The first thing I do when making a world is look on its history. Who were the firsts? In this case, the dromites make a prime choice for progenitor of civilization, themselves probably taught by the mindflayers deep underground. In this case, civilization came from bottom up.
Bah, I need to go. I'll finish this thought later.

Vadin
2008-05-19, 06:30 PM
The first thing I do when making a world is look on its history. Who were the firsts? In this case, the dromites make a prime choice for progenitor of civilization, themselves probably taught by the mindflayers deep underground. In this case, civilization came from bottom up.

That is an absolutely amazing idea. Where did civilization originally come from? Plane-hopping illithids looking for slaves. They find these semi-sentient dromites with a penchant for psionics, muddle around a little, and add in an ability to detect psionic energy. A few generations of labor, some racial psionics brought to bear by constant exposure to minds of unimaginable power and crystals with immense energies, and whammo! The dromites are all able to communicate purely by thought, and they have a limited form of empathy always active. The Prime Hive is born. In one coordinated swoop, the illithids are overthrown by hundreds of thousands of psionic warriors with astounding tactics.

Below the earth they are kept (as was stated before), and below the earth they will stay. The mindflayers are powerful foes to be sure, but their extensive and ancient knowledge has proven indespensible on several occasions. They are very, very dangerous. But are they servant or master? As the old illithid saying goes, "Bring me my meat and bring me my wine and I'll proclaim your rule 'til the end of time."

Within a few hundred years of the founding of the Prime Hive, the other races (the hes'ka, lesser minds in archaic dromite) began to unite. No longer were humans merely small groups of hairless apes. They formed themselves into large groups of hairless apes. To the dromites, hardly any change was noticed. They fought just as unpredictably and smelled just as bad.

The elves ceased their roving. Their small bands settled down into the treetops and became sedentary folk. The power of the elves interested the Hive. Alone, an elf was merely a formidable opponent. Together, however, the elven tribes far surpassed the dromites in power. The Hive, realizing this, sought out negotiations with certain groups of elves so as to play them against each other. Never would they unite while they each pandered for the favor of the seemingly indomitable Hive. In time, the Hive knew, they would move on and become engaged in their own affairs. By setting them on this course, however, it wasn't likely that these affairs would become violent. The Hive suspected they would be petty power struggles and nothing more. How wrong they were.
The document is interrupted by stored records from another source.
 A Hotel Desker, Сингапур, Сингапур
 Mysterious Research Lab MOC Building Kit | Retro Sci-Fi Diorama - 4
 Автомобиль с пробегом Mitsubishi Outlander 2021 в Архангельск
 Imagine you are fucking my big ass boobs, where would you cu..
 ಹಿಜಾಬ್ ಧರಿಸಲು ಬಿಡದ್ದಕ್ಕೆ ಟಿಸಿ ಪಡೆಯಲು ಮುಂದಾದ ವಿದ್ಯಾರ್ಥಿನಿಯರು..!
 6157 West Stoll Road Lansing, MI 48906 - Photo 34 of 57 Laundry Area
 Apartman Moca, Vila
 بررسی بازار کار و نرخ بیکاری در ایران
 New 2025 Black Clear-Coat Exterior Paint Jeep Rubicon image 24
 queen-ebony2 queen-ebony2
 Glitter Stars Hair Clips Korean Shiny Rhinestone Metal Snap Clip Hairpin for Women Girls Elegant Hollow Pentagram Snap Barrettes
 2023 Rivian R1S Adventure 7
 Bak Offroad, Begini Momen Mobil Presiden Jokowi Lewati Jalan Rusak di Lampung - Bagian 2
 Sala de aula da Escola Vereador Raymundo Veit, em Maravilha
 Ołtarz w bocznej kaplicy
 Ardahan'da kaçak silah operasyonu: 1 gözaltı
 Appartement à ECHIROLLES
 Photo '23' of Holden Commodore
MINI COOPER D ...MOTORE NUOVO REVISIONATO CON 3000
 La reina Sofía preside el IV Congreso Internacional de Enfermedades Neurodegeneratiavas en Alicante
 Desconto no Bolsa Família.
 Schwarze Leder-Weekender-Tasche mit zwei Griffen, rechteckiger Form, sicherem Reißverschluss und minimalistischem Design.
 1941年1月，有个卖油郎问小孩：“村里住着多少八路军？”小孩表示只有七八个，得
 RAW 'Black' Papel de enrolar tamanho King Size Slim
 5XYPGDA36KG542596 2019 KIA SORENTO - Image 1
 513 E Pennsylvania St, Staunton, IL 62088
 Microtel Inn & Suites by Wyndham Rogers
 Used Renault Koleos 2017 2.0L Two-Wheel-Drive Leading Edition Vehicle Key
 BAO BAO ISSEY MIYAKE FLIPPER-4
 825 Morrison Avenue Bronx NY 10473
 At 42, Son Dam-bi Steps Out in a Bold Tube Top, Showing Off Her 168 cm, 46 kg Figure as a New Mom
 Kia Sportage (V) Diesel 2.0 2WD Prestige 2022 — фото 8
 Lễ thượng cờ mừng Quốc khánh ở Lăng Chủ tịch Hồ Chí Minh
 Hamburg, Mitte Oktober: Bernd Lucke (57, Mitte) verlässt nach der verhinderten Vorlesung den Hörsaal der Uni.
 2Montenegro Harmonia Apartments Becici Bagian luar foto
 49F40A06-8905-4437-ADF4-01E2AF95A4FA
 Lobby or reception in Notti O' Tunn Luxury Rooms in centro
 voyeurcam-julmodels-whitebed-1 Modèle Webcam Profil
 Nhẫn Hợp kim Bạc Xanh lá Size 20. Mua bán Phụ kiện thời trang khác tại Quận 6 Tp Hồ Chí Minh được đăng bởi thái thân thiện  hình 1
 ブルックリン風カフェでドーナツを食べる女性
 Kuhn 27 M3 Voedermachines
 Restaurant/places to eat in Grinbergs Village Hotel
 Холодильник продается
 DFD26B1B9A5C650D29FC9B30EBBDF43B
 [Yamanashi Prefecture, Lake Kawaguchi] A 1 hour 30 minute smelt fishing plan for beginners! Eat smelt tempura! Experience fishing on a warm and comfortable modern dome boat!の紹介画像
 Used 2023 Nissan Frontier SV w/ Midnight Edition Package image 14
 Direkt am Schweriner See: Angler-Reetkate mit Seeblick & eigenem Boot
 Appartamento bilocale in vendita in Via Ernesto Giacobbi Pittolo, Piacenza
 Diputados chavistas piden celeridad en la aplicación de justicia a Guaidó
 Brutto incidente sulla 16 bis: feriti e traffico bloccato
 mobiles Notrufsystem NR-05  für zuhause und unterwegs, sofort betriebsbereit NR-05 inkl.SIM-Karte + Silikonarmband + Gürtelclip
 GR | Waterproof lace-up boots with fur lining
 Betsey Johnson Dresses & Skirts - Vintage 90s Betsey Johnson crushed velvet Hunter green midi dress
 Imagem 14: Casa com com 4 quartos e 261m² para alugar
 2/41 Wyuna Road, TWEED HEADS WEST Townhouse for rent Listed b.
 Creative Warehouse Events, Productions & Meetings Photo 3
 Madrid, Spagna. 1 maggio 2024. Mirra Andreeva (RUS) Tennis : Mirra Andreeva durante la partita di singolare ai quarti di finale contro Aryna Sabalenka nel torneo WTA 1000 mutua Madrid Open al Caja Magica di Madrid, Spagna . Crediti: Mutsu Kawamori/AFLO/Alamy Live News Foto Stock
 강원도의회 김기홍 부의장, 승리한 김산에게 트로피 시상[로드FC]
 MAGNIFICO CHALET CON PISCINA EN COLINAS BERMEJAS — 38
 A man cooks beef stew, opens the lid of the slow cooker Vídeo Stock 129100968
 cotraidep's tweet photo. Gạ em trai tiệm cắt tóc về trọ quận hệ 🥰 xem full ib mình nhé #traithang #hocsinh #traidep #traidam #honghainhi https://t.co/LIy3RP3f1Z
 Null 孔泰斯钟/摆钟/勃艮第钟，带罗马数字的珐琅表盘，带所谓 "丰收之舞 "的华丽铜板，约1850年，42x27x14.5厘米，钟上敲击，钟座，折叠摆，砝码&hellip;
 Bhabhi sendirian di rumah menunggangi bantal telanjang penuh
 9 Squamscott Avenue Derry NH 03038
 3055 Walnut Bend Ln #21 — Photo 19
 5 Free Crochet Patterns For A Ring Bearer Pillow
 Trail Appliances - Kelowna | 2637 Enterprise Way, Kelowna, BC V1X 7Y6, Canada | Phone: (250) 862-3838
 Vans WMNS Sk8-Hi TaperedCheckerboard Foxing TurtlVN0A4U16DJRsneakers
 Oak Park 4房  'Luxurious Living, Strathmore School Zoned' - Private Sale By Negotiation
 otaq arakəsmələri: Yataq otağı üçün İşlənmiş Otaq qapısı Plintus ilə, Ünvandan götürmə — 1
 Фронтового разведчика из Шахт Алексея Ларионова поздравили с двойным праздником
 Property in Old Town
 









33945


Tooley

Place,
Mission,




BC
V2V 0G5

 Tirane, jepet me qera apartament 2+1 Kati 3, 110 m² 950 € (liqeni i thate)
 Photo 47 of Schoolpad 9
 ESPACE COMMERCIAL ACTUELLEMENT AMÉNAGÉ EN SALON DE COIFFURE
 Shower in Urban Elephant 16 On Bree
A small number of elves saw through the dromite plan. They misconstrued their intentions, though, and thought the Hive was out to brainwash all of elvenkind. These elves shunned their birthright and fled to the forest floors. They swore never to use psionic power they hadn't earned. Through harsh training, they steeled themselves against psionic assault and sharpened their minds and bodies into deadly weapons. From their paranoid preperations, the 'dark' elves, as they came to be known, crafted the Way of the Blade, a fighting style so deadly that, individually, no single man was able to slay a dark elf warrior for centuries. It wasn't until a roving halfling watched the dark elves' ways from afar and learned the Way of the Blade himself that their warriors could be stopped.

The halflings have always been a sneaky bunch. They have much in common with the dromites, watching from afar, listening, observing. But where the dromites are cold and calculating, the halflings are social and curious. The migratory halflings move from place to place in small bands, taking a little bit of every town with them when they move on. In this way the halflings have compiled innumerable secrets. For a price, anyone can buy a secret. The halflings have them all. All the secrets, not merely those they hear themselves. They read the stars and know what is, what was, and what will be. The stars are their gods, and their gods are just as social as the halflings themselves.


I got through dromites and just couldn't stop. Thoughts?

Vadin
2008-05-19, 06:51 PM
[EDIT] douplepost...deleted!

Gwyn chan 'r Gwyll
2008-05-19, 07:35 PM
Alright, going back to my original idea, (love the rebellion though), the more humanoid races were taught by the dromites, who were taught by the mindflayers, who were taught by some Elder Thing. Or something. Anyways, the humans (not just humans, but I'm just saying humans for the sake of it) built on top of the sites of underground dromite cities.

What I'm imagining is, out psionic skyscrapers, and below them, pillars of a sort of beeswax hive, mirroring the skyscrapers.

KingGolem
2008-05-19, 08:08 PM
Given the mountain ranged to the north and the east (did everyone agree on those?) I think that it would imply that this Australia-sized chunk is just the southwest portion of a larger, possibly Pangaea-style megacontinent. If that's the case, 'beyond the mountains' may be an unexplored land of things which are very different from the humanoids of mountain-sheltered regions. Vast forests of shining crystals which resemble trees. Beings existing purely telepathically, displayed as a mass consensual hallucination. All sorts of crazy cool epic stuff.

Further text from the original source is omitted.